I found the powdered cheeses at a Mennonite farm store. they had lots of dried foods in bulk also. Maybe you can check to see if there is something like that in your area. Check Amish and Mennonite stores. You might even find the dried eggs there. Dehydrated veggies and fruits would be much cheaper especially if you did it yourself.

You could always do the dry ingredients and then just add the "wet" I suppose although having some already to go would be handy for the ones in the family that don't know how to cook. Most people can boil water ( I hope) lol


----------



## myrtle55

I agree with the dehydrated way. I make my meals in jars with all stuff i have dried myself. Just this winter i did get powdered cheese and eggs, but many here dry their own. I dehydrate shredded cheddar and it works well for me. Good luck..my family loves the meals in jars. I dehydrate all the meats myself.


----------



## lazydaisy67

I have never tried to dehydrate meat! Cook it first or raw?

I've done pretty much all the other ingredients, the hash browns, the mushrooms, the green pepper and onion, so those are super economical. Those big three cheese, eggs and sausage are the culprits.

It just seems like such a good idea to have everything together. It's lightweight for storage and I don't have to wait until summer to can something.


----------



## gam46

I make other than breakfast meals in jars with my own dehydrated foods. Happen to have some dried eggs which were given to me and have decided to purchase cheese powder even though I have successfully dried my own. Sausage? Oh well, we seldom use it anyway, so will do without.


----------



## SouthCentralUS

The recipes online, in cookbooks and on Youtube make a HUGE amount of food. I put half the amount in the jars and in mylar bags and it is still about 4 meals for the 2 of us.

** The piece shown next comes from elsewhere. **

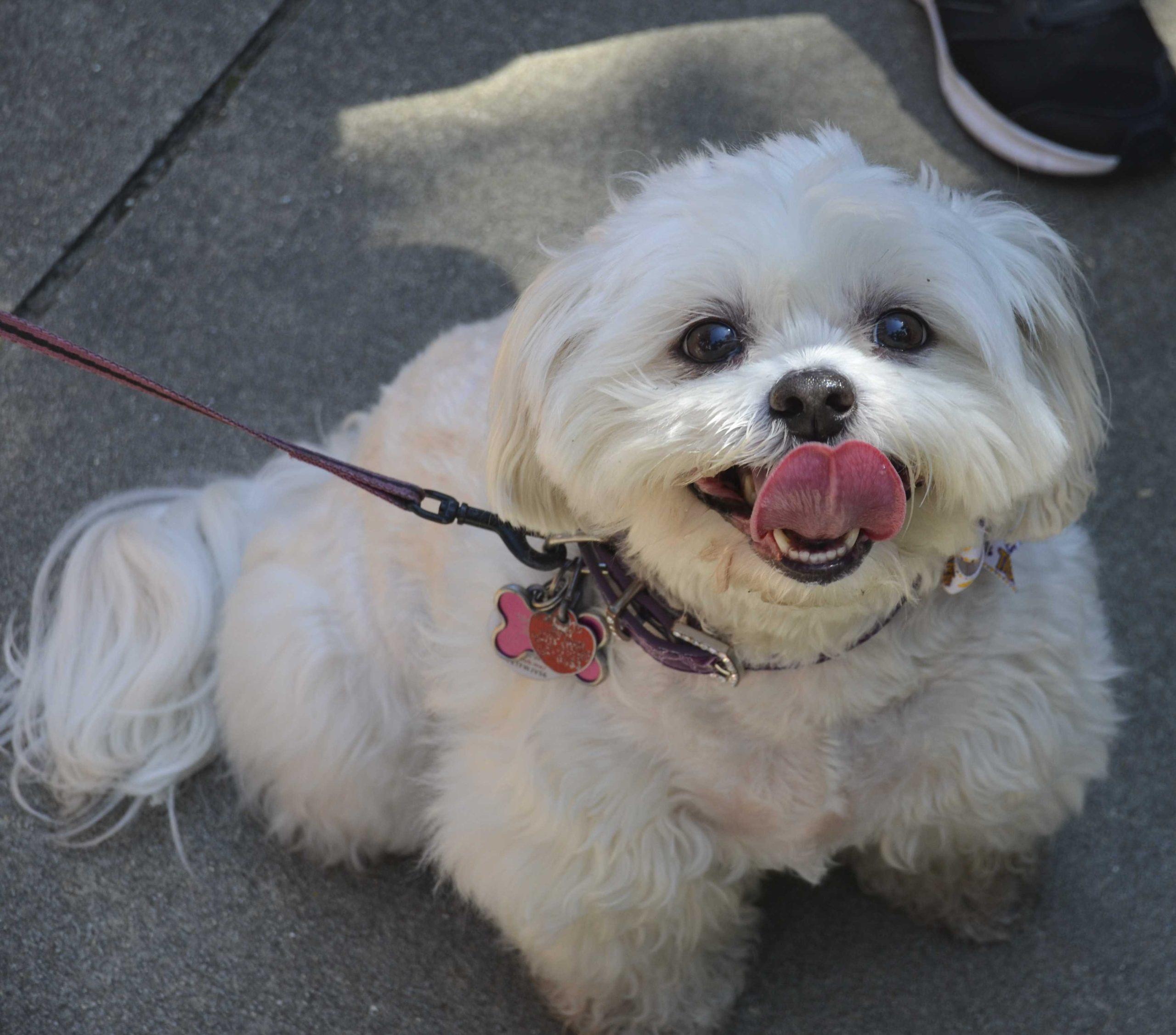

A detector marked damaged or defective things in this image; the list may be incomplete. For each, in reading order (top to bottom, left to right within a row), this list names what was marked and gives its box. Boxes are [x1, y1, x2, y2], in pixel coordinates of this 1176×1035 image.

crack in concrete [16, 0, 317, 320]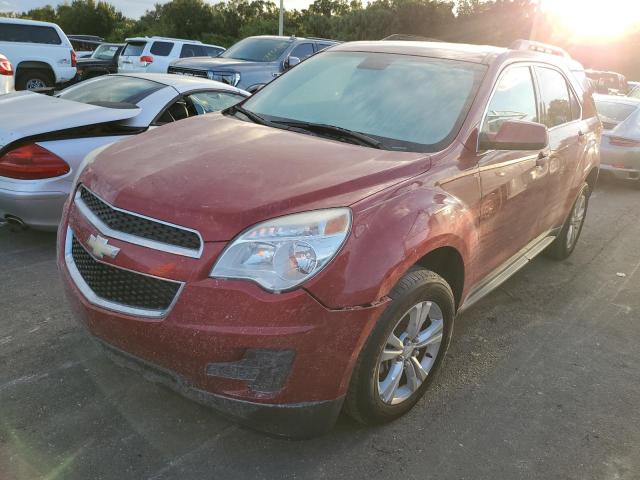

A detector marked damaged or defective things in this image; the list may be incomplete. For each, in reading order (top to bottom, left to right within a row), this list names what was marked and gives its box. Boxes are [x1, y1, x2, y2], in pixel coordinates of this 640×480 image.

damaged white sedan [0, 73, 248, 231]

I plan to try cutting it in 1/4.


----------



## myrtle55

Lazydaisy..I cook meat first, then chop it into small pieces (small so they rehydrate faster ). Have done bulk sausage and burger, chicken,ham and beef. The meat requires longer times to rehydrate than anything else I have done. Just fyi


----------



## readytogo

Back in my army days we used plenty of can dry commodities mix with regular wet stuff; powder eggs/fresh eggs that kind of stuff but at home now and do to the high cost of prefabricate survival food and also the amount of chemicals involved on its production I did away from all of that, I like the basics is more simple and less chances of spoilage, I grow up without refrigeration on a country setting and our basic everyday commodities where salt,flour,sugar,lard,baking soda, powder milk, can milk, and yes we had fresh cow/goats milk and plenty of eggs but to get to the point here at home all my instant meals come fresh from my canings like sausages for breakfast or SOS or meatballs in pasta sauce I do find that the most important commodity to have is dry eggs and dry milk very versatile and useful because the rest can be easily made at home with a good dehydrator for fruits and vegetables and let’s be realistic in a emergency you will not be making gourmet meals anyway, is all about the survival.


----------



## lazydaisy67

Well...ahem. I spent almost the entire day looking at researching and generally finding out all about these dry meals. My brain must not be working correctly because I KNEW you could dehydrate meat....geesh. 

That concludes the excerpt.